__REQUIRED WORK__: The lines to copy run from the one containing "Magnetic Garage Screen Door" to the very end of the records; give them exactly, and only them, without pictures.
--- ENTRIES SHOWN ---
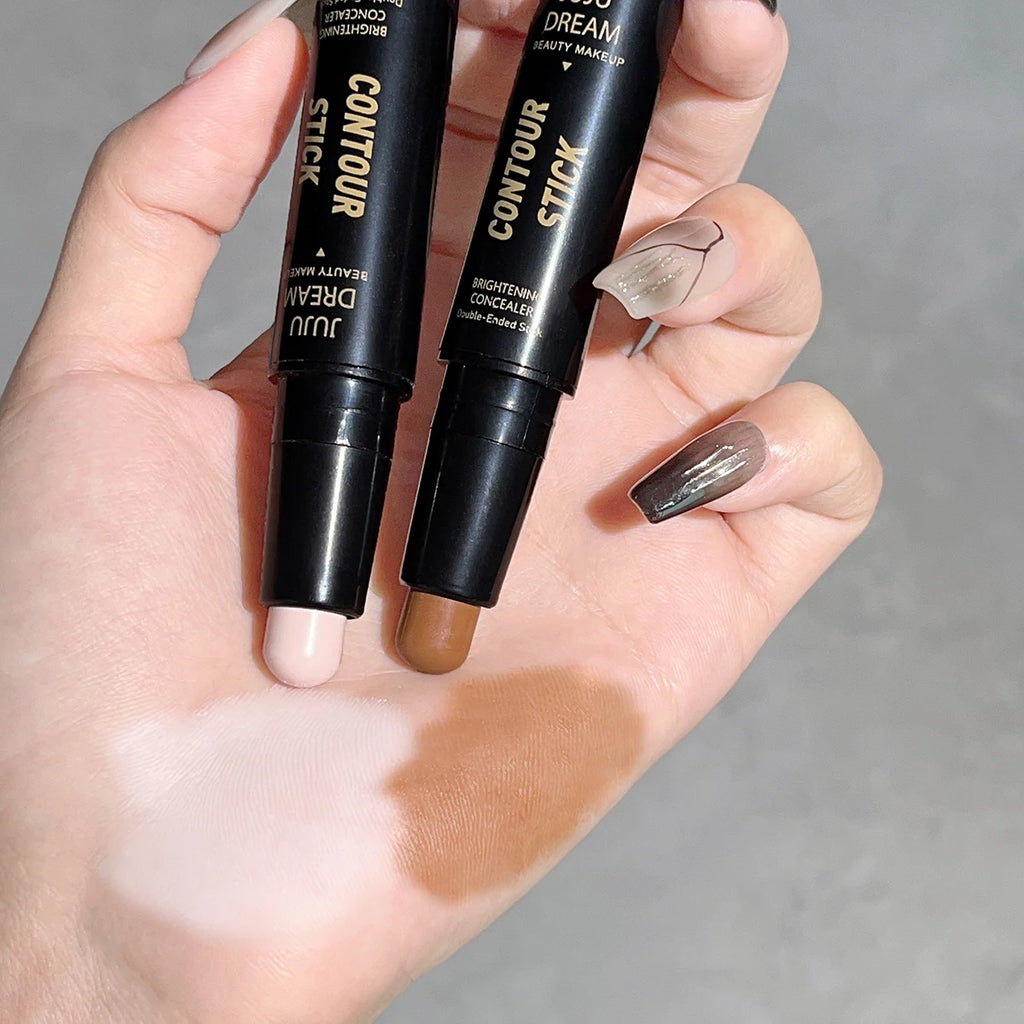 Tidesmit dual-ended contour and highlighter stick for nose shading and silkworm makeup application detail view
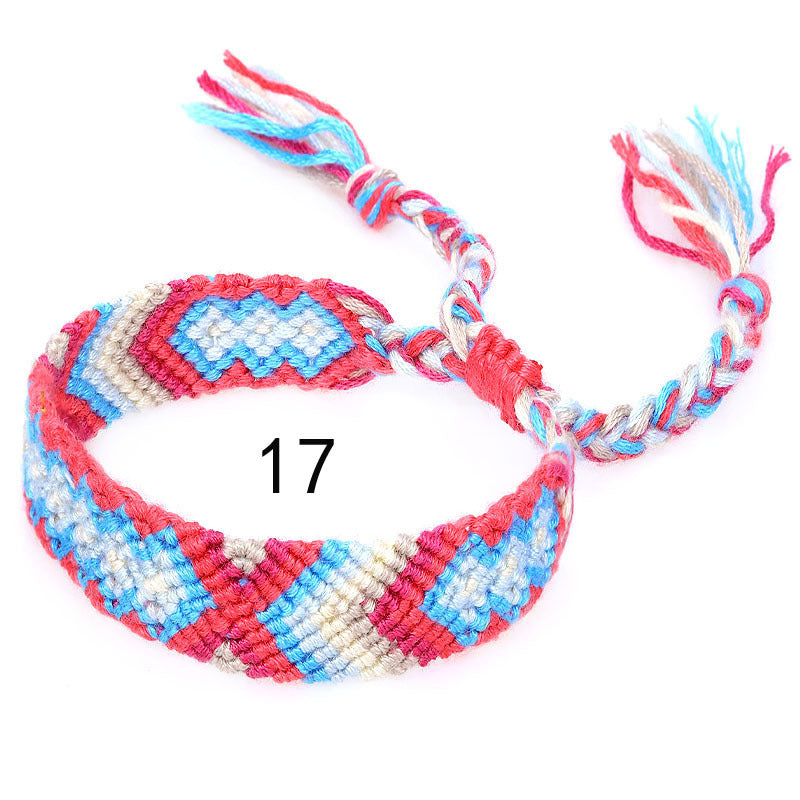 Nepal Ethnic Style Woven Rainbow Bracelet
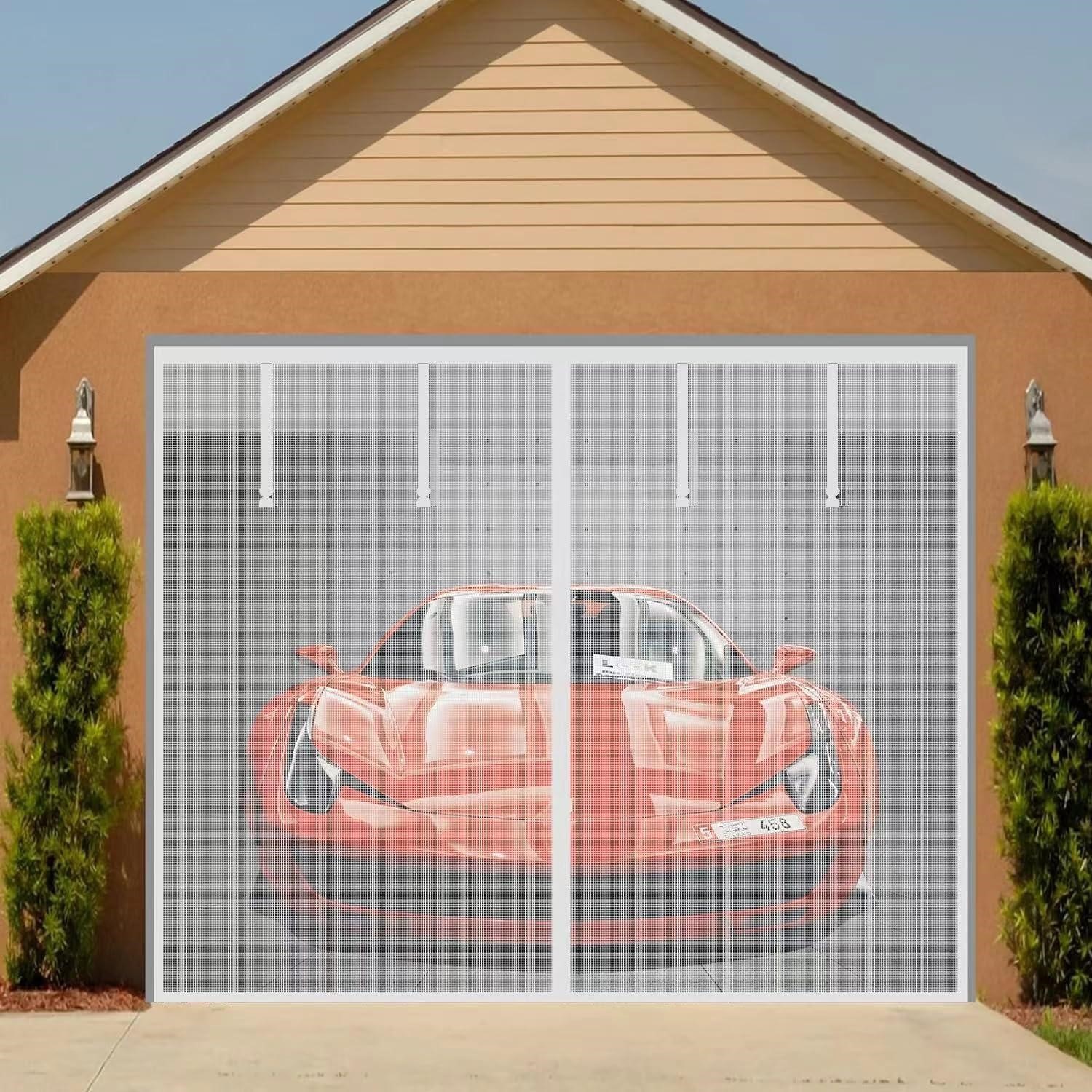 Magnetic Garage Screen Door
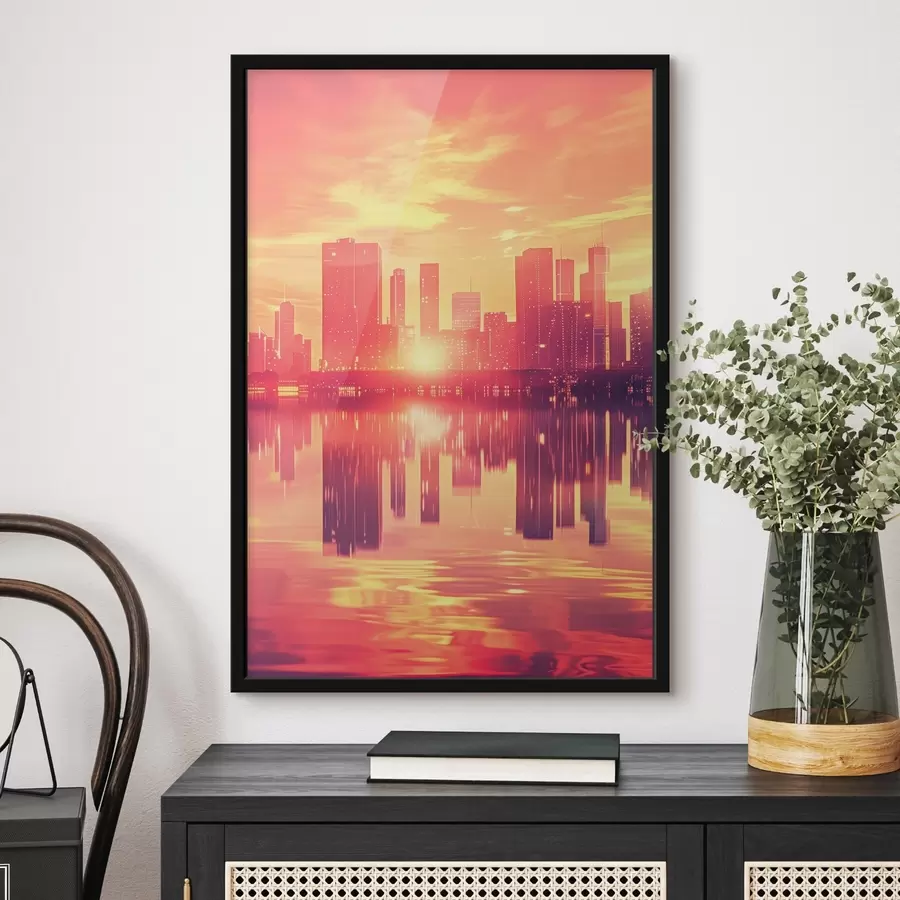 Papier peint photo Commande dans le contexte d'une ville moderne f45659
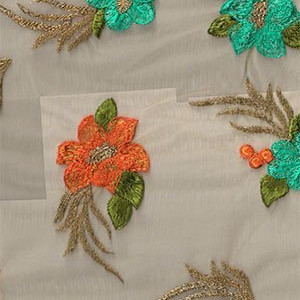 Superb Flower Allover Embroidery Design 22558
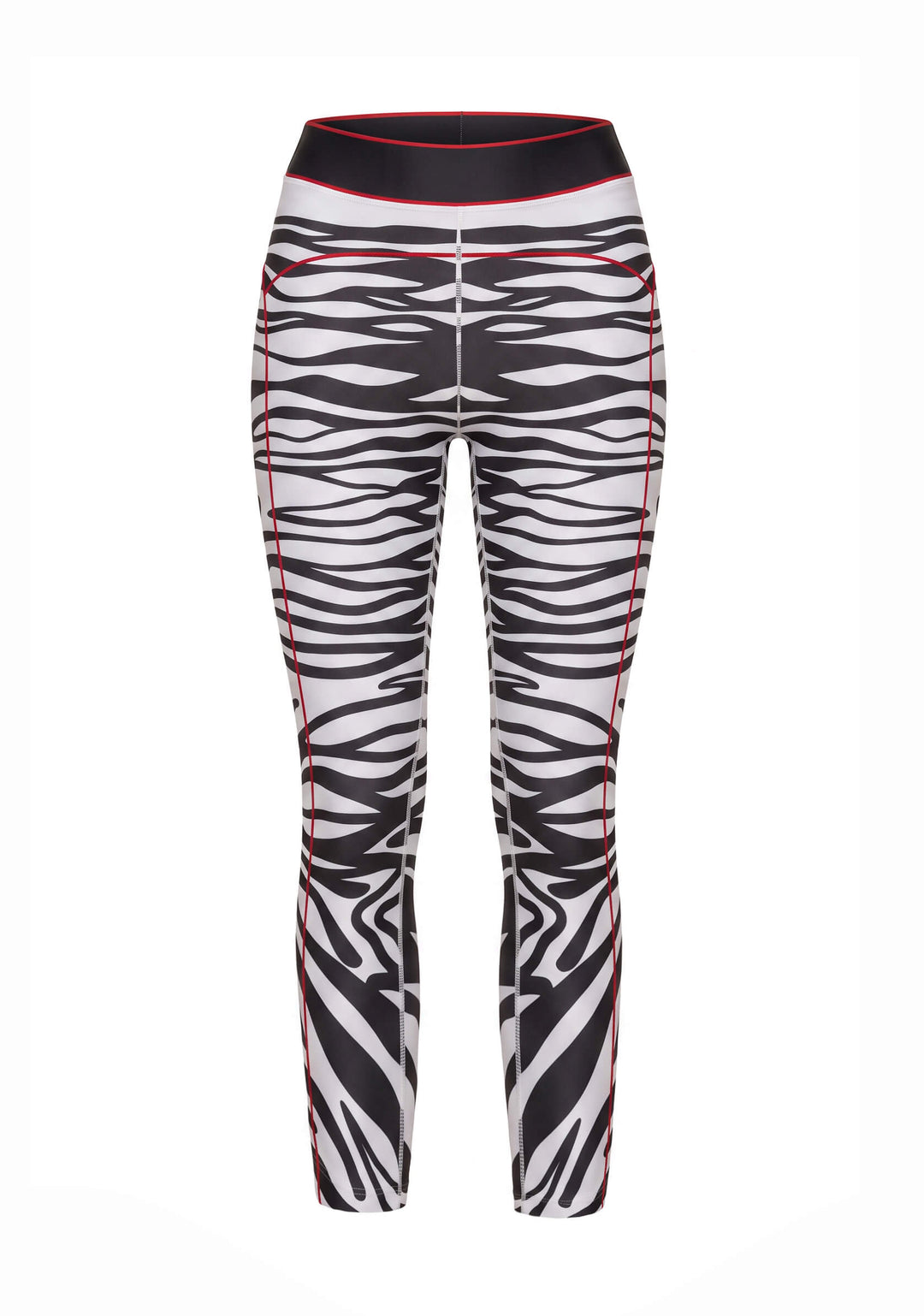 Zebra Stripe High-Waisted Legging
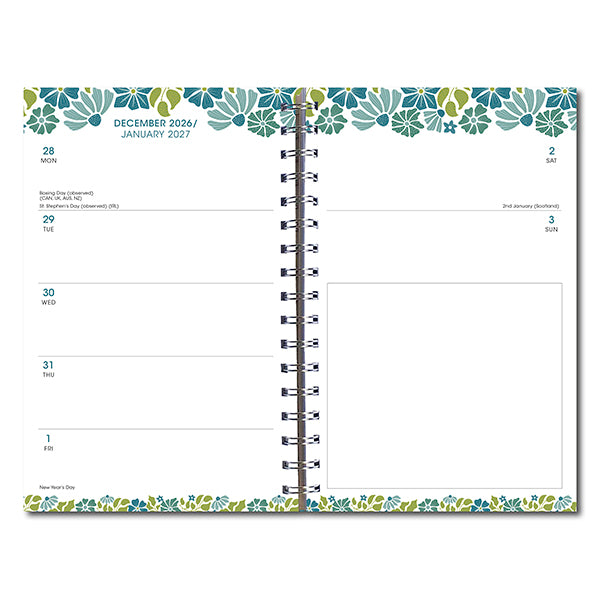 Sellers Publishing Weekly Planner Wildflower Whimsy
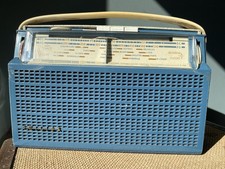 Radio "transitor" Philips Vintage  L3F 13T bleu et gris de 1961
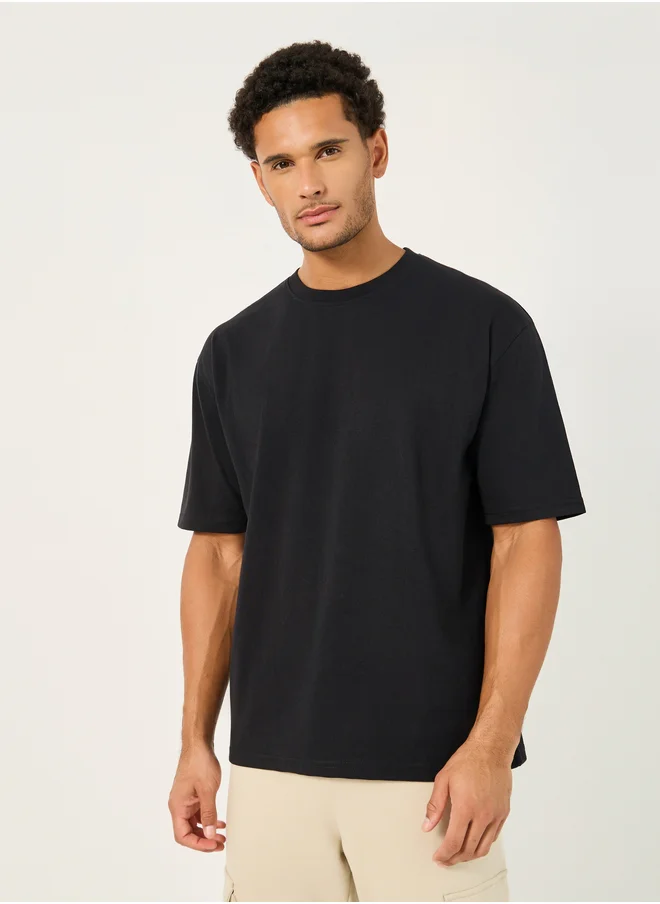 Styli Styli Graphic Print Oversized Crew Neck T-Shirt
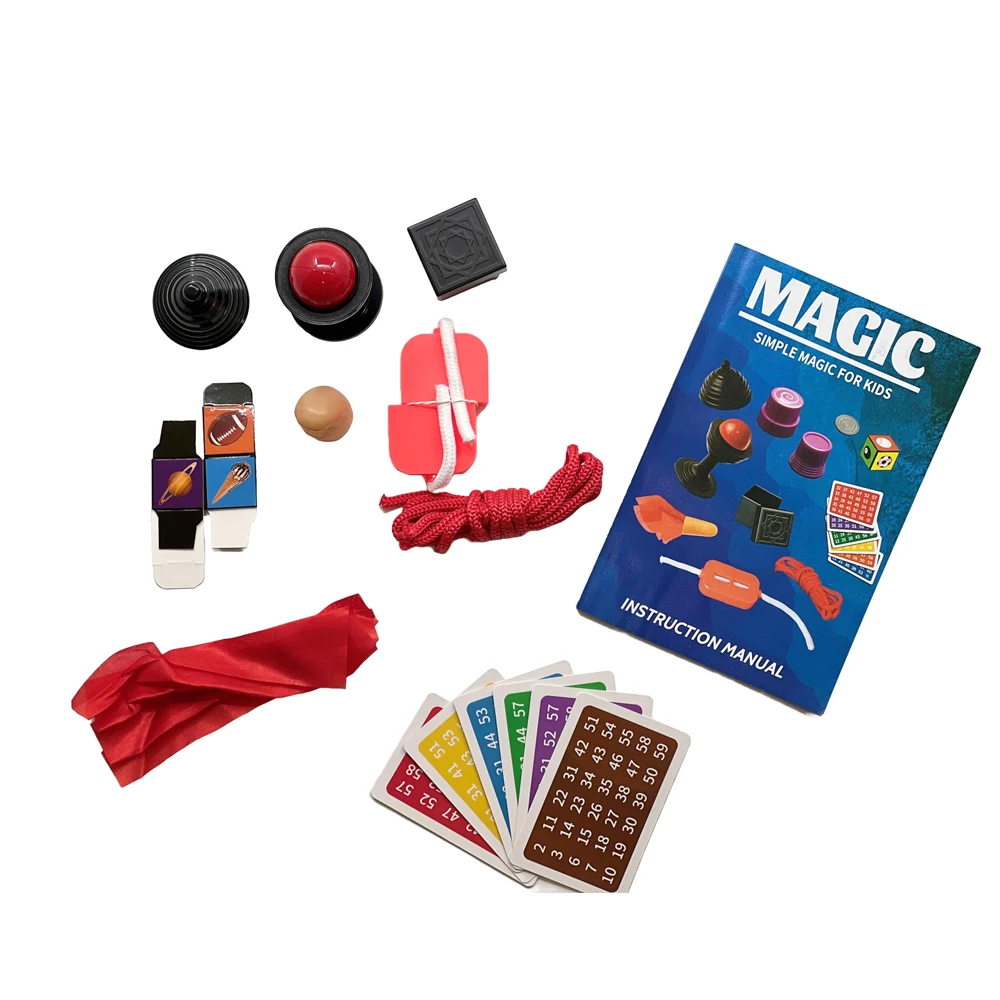 300+ Plastic Magic Tricks Kit for Kids with Step by Step Video Guide ...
---
__SOLUTION TO THE PROBLEM__:
 Magnetic Garage Screen Door
 Papier peint photo Commande dans le contexte d'une ville moderne f45659
 Superb Flower Allover Embroidery Design 22558
 Zebra Stripe High-Waisted Legging
 Sellers Publishing Weekly Planner Wildflower Whimsy
 Radio "transitor" Philips Vintage  L3F 13T bleu et gris de 1961
 Styli Styli Graphic Print Oversized Crew Neck T-Shirt
 300+ Plastic Magic Tricks Kit for Kids with Step by Step Video Guide ...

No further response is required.